The problem> Print exactly, and only, the lines from the one that has "Multi-pocket Leather Pants" through the end of the material below, with both ends included and the pictures omitted.

Dataset excerpt>
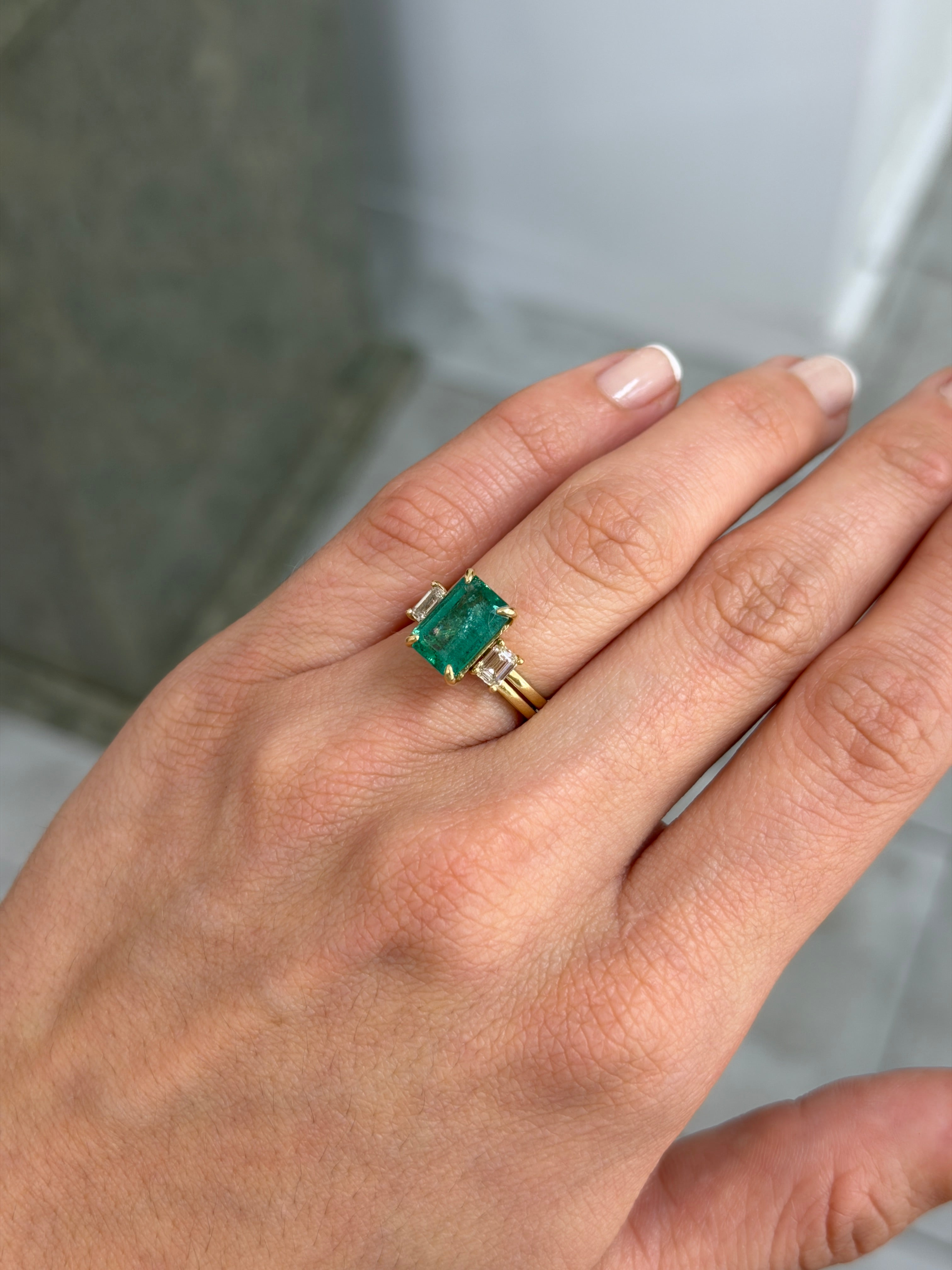 3.75tcw 14K Emerald & Diamond Convertible Three Stone Engagement Ring - JR Colombian Emeralds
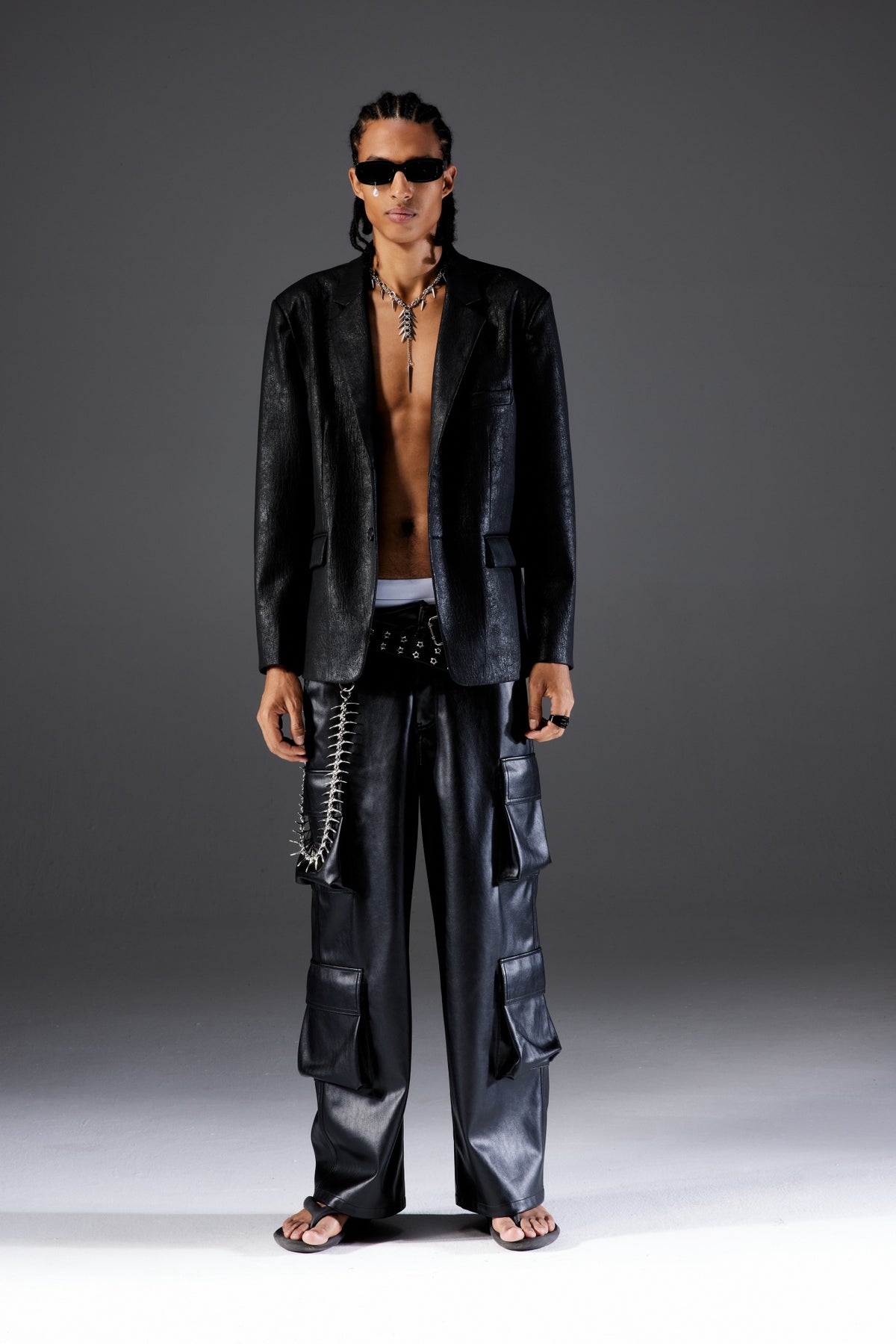 Multi-pocket Leather Pants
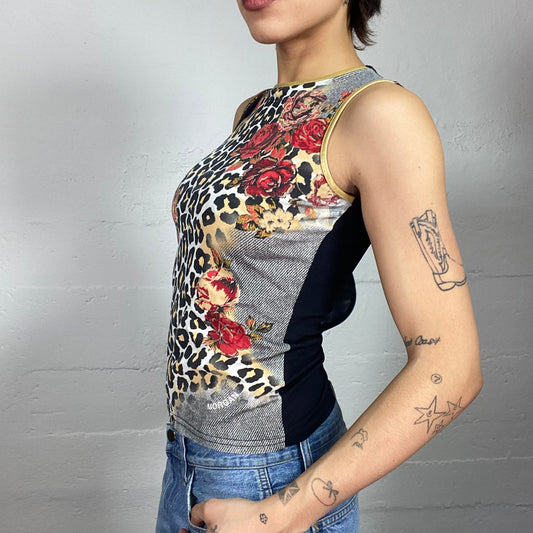 Vintage 2000's Morgan Scary Spice Cheetah Print Top with Red Roses Print (S)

Exercise result>
 Multi-pocket Leather Pants
 Vintage 2000's Morgan Scary Spice Cheetah Print Top with Red Roses Print (S)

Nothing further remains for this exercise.